Un brindisi alla morte
Gli individui non possono essere indifferenti alle proprie radici: le origini sono un canto di sirene primordiale che riconduce sempre al grembo che ha fatto nascere la vita. Fatih Akin, regista tedesco di genitori turchi, è persona sensibile al richiamo di quella terra lontana, eppure sua perché in essa è cresciuto, dove il nazionalismo consuma ingiustizie che i più deboli, ed idealisti, non riescono a contrastare e dalle quali sono costretti a scappare cercando rifugio altrove. Già ne La sposa turca, Orso d'oro al festival di Berlino nel 2003, Akin aveva raccontato della comunità turca in Germania, fornendoci una splendida rappresentazione delle sue contraddizioni e della vitalità che l'animava. Oggi il bisogno di tornare a casa è forte e in Ai confini del paradiso il regista accompagna i suoi sei personaggi, che si muovono incespicando tra Brema ed Amburgo, fino ad Istanbul, terra indecifrabile dove si strappano i sogni, ma nella quale può sbocciare nuova vita. Le storie si intrecciano rincorrendosi, in un continuo passaggio di testimone, i corpi s'incontrano mentre cercano asilo in terra straniera e il cerchio della vita racchiude le loro gesta tra thanatos e libido, tra amore e morte.
E' un groviglio di conflitti il quinto lungometraggio di Akin che mette a confronto diverse generazioni, differenti culture e modi di vivere, mentre sullo sfondo il demonio del fascismo cerca di prevalere e soffocare i rapporti interpersonali. Un padre e un figlio, due madri e due figlie, sei vite che nulla sembrano avere in comune le une con le altre, ma che il soffio del destino spingerà tutte nella stessa direzione, ai confini del paradiso, senza possibilità però di raggiungerlo nella vita terrena, dove regnano i soprusi, il dolore e l'incomprensione. I genitori non capiscono a fondo i propri figli, i quali si battono per aiutare il prossimo, scontrandosi con le miserie della quotidianità, con un presente deformato dal passato e dall'incapacità di imparare dagli errori già commessi. Akin parla di Germania e Turchia, descrive con efficacia le mani tese, ma non può che rendere conto dell'impossibilità di un rapporto sereno tra due esseri umani, dei problemi così grandi che non possono essere affrontati e vinti da soli e che sporcano l'incontro con l'altro, ne limitano la purezza.

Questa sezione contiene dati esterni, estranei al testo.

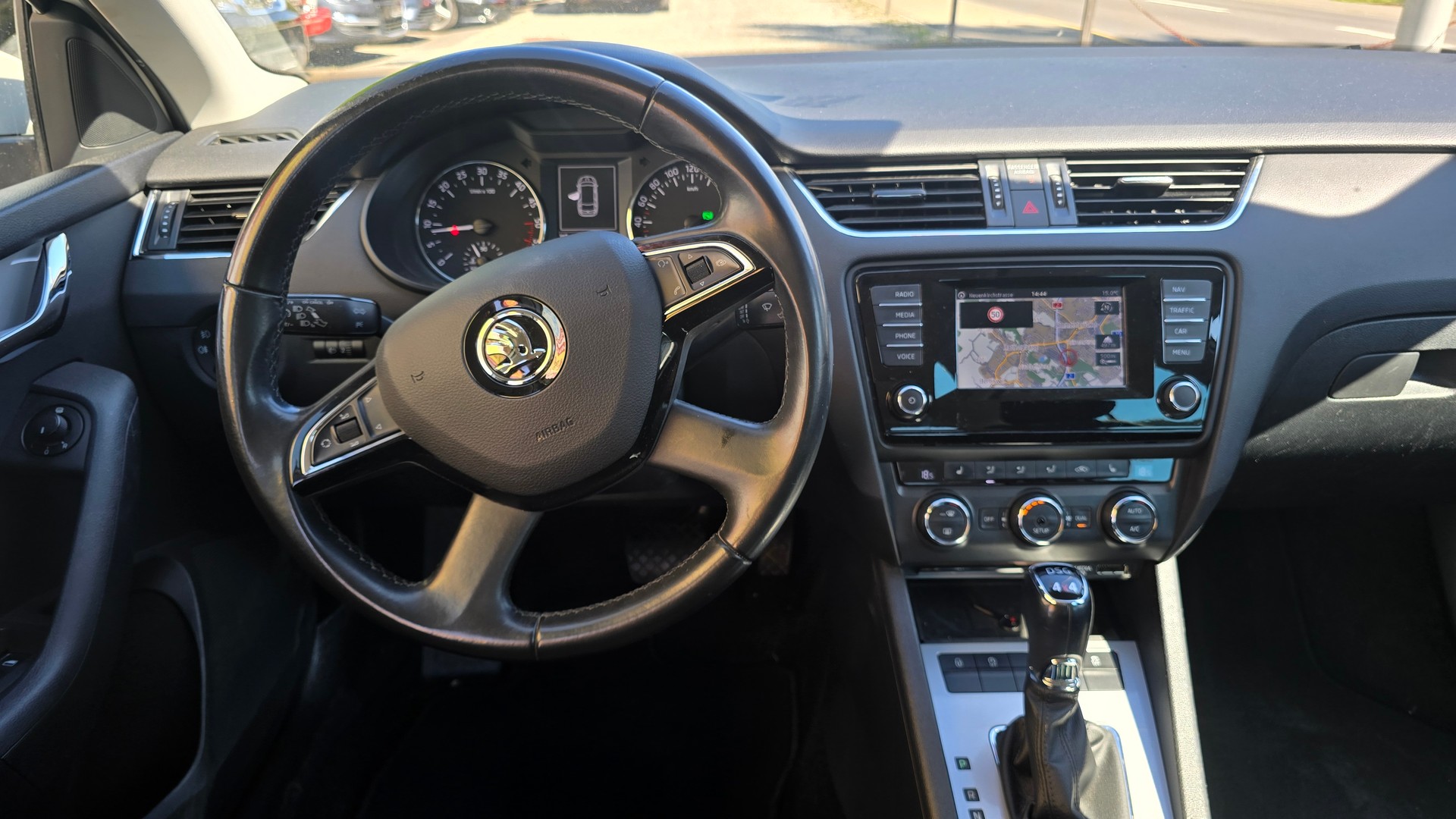 SKODA Octavia Combi 2.0 TDI Ambition 4x4 DSG-image-11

E sopra tutto c'è la morte, improvvisa, violenta, che lascia parole non dette, desideri inespressi, e non da più tempo per comprendersi ed accarezzarsi, e la pellicola ci ricorda in più di un'occasione che solo affrontando la morte si può tornare a guardare il mondo con occhi limpidi.
Fatih Akin si concede il lusso di una sceneggiatura perfetta (sul modello Guillermo Arriaga per intenderci) e per questa conquista un prezioso riconoscimento all'ultimo festival di Cannes, ma è proprio questa perfezione formale che ci fa storcere il naso, per quella sovrabbondanza un po' fasulla di coincidenze, di storie che corrono parallele e poi si incrociano, di corpi sempre prossimi che si sfiorano per poi cambiarsi automaticamente la vita. Spogliato però del suo discorso politico e dei meccanismi chirurgici di narrazione, ciò che convince del nuovo lavoro di Akin è la sua capacità di lavorare sulle sensazioni, di mettere in scena le complessità dei rapporti umani, di raccontare i conflitti generazionali, interculturali, tra i differenti sessi, con un'emozione asciutta che non travalica mai i confini del patetico. Il regista reinterpreta il road movie caricandolo di valenze simboliche, con l'occhio privilegiato della macchina da presa che cerca sempre le strade che i personaggi percorrono, dando grande spazio agli esterni, ma mostrandosi più ispirato quando si concentra sui corpi e sulle voci. E ancora una volta questo strano incontro turco-tedesco regala cinema intelligente che allarga i nostri orizzonti, anche se il doppiaggio ci nega il piacere dell'incontro tra diverse lingue.